Column Type Description
rna_sense_depth Integer Total reads on the transcript sense strand at this position
rna_antisense_depth Integer Total reads on the antisense strand
rna_alt_sense_count Integer ALT reads on the sense strand
rna_editing_site Boolean True if the locus overlaps a known A-to-I editing site (requires --rna-editing-db)
rna_splice_spanning Integer ALT reads whose alignment spans a splice junction (N CIGAR operation)

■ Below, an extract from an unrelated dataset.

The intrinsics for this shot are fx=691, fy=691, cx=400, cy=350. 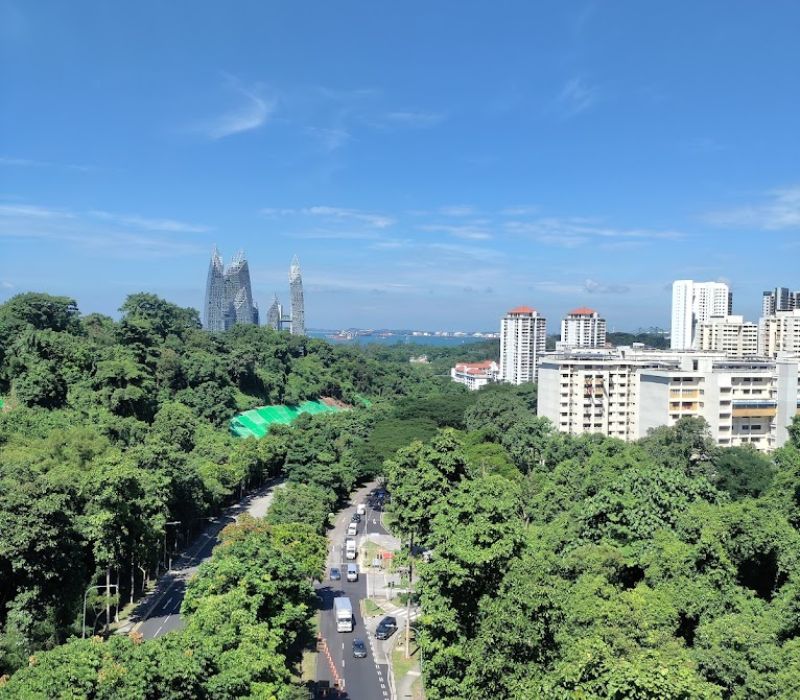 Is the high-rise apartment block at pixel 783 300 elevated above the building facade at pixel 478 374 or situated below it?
above

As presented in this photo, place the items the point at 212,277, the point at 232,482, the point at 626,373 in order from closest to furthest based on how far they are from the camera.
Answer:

mFSD MAF Columns (--mfsd only)

34 columns are appended when --mfsd is set. They are completely absent without the flag (not NA-filled):

Column Type Description
mfsd_ref_count Integer REF-classified fragments in 50–1000 bp window
mfsd_alt_count Integer ALT-classified fragments
mfsd_nonref_count Integer Non-REF, non-ALT fragments
mfsd_n_count Integer Fragments with no valid insert size
mfsd_alt_llr Float Log-likelihood ratio (ALT fragments; positive = tumor-like)
mfsd_ref_llr Float Log-likelihood ratio (REF fragments)
mfsd_ref_mean Float Mean fragment size for REF class (bp)
mfsd_alt_mean Float Mean fragment size for ALT class (bp)
mfsd_nonref_mean Float Mean fragment size for non-REF class (bp)
mfsd_n_mean Float Mean fragment size for N class (bp)
mfsd_delta_alt_ref Float mean(ALT) − mean(REF) delta (bp)
mfsd_ks_alt_ref Float KS D-stat (ALT vs REF)
mfsd_pval_alt_ref Float KS p-value (ALT vs REF)
mfsd_delta_alt_nonref Float mean(ALT) − mean(non-REF) delta
mfsd_ks_alt_nonref Float KS D-stat (ALT vs non-REF)
mfsd_pval_alt_nonref Float KS p-value
mfsd_delta_ref_nonref Float mean(REF) − mean(non-REF) delta
mfsd_ks_ref_nonref Float KS D-stat
mfsd_pval_ref_nonref Float KS p-value
mfsd_delta_alt_n Float mean(ALT) − mean(N) delta
mfsd_ks_alt_n Float KS D-stat
mfsd_pval_alt_n Float KS p-value
mfsd_delta_ref_n Float mean(REF) − mean(N) delta
mfsd_ks_ref_n Float KS D-stat
mfsd_pval_ref_n Float KS p-value
mfsd_delta_nonref_n Float mean(non-REF) − mean(N) delta
mfsd_ks_nonref_n Float KS D-stat
mfsd_pval_nonref_n Float KS p-value
mfsd_error_rate Float non-REF fraction of valid mFSD fragments
mfsd_n_rate Float N-class fraction
mfsd_size_ratio Float mean(ALT) / mean(REF)
mfsd_quality_score Float 1 − error_rate − n_rate
mfsd_alt_confidence String HIGH (≥5 ALT fragments), LOW (1–4), or NONE
mfsd_ks_valid Boolean True when both ALT and REF have ≥5 fragments for reliable KS test
Normalization MAF Columns (--show-normalization only)
Column Type Description
{prefix}norm_Start_Position Integer Left-aligned MAF start position
{prefix}norm_End_Position Integer Left-aligned MAF end position
{prefix}norm_Reference_Allele String Left-aligned REF allele
{prefix}norm_Tumor_Seq_Allele2 String Left-aligned ALT allele

The {prefix} matches --column-prefix (default: no prefix).


Per-Sample File Naming

{--output-dir}/{sample_name}{--suffix}.{vcf|maf}
Component Source
sample_name name from --bam name:path; falls back to BAM filename stem
--suffix Literal string appended before the extension (e.g. .genotyped)
Extension vcf or maf depending on --format

Examples:

--bam tumor:tumor.bam --suffix .fillout --format maf
# → tumor.fillout.maf

--bam tumor.bam --format vcf
# → tumor.vcf  (stem = "tumor")
Companion Parquet file (--mfsd-parquet)

When --mfsd-parquet is also set (alongside --mfsd), a second file is written alongside the main output:

{--output-dir}/{sample_name}{--suffix}.fsd.parquet

It contains per-variant raw fragment size arrays (ref_sizes, alt_sizes) for downstream mFSD visualisations (density plots, empirical CDF comparisons). Written natively by Rust — no pyarrow dependency required.


Missing Values

Format Missing value sentinel
MAF columns NA
VCF INFO numeric fields . (VCF spec)

A value is NA/. when the count supporting it is zero (e.g. mfsd_alt_mean when no ALT fragments were observed) or when the input variant was rejected during preparation (all counts are zero-filled in that case).